No matter what they do, however, they’ll be criticized from some angle.
King5 is reporting that Milton Bradley has been arrested in Los Angeles in relation to a felony on making criminal threats. We don’t have much more information beyond that, but to be honest, I’m not sure it matters much what he’s charged with in terms of his future with the M’s. Given his history with Eric Wedge, his struggles the last few years, and the team’s desire to give some young kids a chance, his tenure here wasn’t likely to last very long anyway.
Unless he is completely exonerated, I’d imagine this will be all the excuse the M’s needed to sever ties with him. Let’s not rush to judgment on whether Bradley is guilty or not, but given that he was already on pretty thin ice, this could be enough for the M’s to just throw in the towel on the Milton Bradley experiment.
The Mariners have announced that they have reached agreements with David Aardsma, Brandon League, and Jason Vargas, avoiding arbitration with all three. We’ll get numbers soon, but expect something like $4 million for Aardsma, $2 million for League, and $2 million for Vargas.

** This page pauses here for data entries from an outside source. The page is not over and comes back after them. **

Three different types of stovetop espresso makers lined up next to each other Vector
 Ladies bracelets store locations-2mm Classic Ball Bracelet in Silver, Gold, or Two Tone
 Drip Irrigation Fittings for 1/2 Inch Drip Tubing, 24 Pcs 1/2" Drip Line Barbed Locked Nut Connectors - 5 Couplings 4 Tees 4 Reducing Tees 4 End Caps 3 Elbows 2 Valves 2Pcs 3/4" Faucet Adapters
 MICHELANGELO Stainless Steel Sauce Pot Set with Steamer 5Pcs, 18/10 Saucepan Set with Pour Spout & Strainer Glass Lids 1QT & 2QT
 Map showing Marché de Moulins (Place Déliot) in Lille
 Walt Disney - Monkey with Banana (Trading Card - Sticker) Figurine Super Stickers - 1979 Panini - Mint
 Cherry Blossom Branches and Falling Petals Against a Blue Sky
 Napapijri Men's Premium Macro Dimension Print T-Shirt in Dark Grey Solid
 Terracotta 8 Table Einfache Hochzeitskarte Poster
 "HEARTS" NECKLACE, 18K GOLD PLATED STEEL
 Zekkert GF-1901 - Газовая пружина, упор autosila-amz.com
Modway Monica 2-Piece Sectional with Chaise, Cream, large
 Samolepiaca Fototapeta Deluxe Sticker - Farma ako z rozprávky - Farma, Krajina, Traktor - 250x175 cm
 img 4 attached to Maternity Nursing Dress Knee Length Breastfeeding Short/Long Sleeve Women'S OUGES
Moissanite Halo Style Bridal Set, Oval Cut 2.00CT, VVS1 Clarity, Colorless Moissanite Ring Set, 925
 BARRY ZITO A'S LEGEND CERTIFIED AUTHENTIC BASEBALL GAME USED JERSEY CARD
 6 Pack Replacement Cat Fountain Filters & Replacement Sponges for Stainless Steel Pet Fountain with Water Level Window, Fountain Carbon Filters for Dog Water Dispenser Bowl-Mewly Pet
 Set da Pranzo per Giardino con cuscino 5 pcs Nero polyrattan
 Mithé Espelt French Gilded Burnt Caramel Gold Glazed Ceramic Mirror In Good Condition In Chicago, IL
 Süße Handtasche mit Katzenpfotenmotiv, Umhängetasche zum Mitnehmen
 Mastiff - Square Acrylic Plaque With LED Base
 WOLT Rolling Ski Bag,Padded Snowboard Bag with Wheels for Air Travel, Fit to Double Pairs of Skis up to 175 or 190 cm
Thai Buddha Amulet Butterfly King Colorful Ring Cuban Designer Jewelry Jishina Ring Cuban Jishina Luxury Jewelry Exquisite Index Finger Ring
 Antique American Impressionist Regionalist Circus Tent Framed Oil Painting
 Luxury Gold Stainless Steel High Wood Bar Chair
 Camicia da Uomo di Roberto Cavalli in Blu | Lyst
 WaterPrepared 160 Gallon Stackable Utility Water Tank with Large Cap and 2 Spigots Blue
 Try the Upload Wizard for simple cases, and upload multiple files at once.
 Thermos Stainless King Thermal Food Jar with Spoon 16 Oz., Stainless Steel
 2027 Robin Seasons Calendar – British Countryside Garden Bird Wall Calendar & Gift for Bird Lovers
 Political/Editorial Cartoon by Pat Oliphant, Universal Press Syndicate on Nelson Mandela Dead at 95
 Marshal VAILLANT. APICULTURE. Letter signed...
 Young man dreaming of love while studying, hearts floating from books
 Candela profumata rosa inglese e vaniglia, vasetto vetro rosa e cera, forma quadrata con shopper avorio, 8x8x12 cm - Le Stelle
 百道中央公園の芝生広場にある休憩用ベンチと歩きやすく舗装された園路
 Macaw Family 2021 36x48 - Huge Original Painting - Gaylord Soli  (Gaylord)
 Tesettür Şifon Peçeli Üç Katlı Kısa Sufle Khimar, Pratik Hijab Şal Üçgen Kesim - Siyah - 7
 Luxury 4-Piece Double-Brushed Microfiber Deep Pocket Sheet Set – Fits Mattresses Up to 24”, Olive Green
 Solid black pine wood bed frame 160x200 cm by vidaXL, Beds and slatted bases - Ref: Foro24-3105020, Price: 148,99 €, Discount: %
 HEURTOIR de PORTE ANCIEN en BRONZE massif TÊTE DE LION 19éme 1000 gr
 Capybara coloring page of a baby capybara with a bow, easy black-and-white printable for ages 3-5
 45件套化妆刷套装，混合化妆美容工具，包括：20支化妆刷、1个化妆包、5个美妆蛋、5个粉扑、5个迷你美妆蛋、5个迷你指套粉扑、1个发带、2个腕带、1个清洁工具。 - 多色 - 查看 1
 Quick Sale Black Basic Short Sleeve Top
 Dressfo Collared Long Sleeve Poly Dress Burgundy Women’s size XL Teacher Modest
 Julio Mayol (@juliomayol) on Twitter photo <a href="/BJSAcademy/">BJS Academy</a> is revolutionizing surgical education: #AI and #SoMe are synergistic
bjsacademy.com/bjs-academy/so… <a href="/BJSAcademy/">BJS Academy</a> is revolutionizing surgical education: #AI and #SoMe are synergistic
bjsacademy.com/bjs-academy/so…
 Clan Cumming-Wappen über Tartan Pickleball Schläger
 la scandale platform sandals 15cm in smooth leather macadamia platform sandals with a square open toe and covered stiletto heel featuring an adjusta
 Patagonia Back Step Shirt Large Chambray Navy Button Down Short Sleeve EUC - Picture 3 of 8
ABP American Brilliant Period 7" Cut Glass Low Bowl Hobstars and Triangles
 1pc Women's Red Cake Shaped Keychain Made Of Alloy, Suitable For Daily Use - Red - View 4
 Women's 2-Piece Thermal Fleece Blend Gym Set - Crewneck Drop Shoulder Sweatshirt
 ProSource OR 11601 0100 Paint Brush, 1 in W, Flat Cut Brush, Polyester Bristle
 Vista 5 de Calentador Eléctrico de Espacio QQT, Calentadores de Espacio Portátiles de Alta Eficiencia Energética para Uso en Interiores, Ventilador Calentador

We were pretty sure the M’s were out on Jeff Francis once David Aardsma became untradeable, but now it’s official, as Francis landed in Kansas City today for a whopping $2 million base with incentives that could push the total to $4 million. This is exactly the kind of deal I was hoping the Mariners could offer him, but it seems like they’re just out of money, so instead of getting a pretty decent left-handed strike-thrower for the back-end of the rotation, they had to watch him take a job with the Royals instead.
With the M’s failing to come up with marginal amounts of money for the likes of Francis and Capuano, it’s probably safe to assume they’re out on anyone who will get a seven figure deal. They may still add another pitcher or a right-handed bat who could handle some left field if they end up jettisoning Milton Bradley, but the guys they’ll be targeting will probably have to accept non-guaranteed minor league deals. Unless Jack Z has a trick up his sleeve, the M’s are probably done doing anything significant this winter.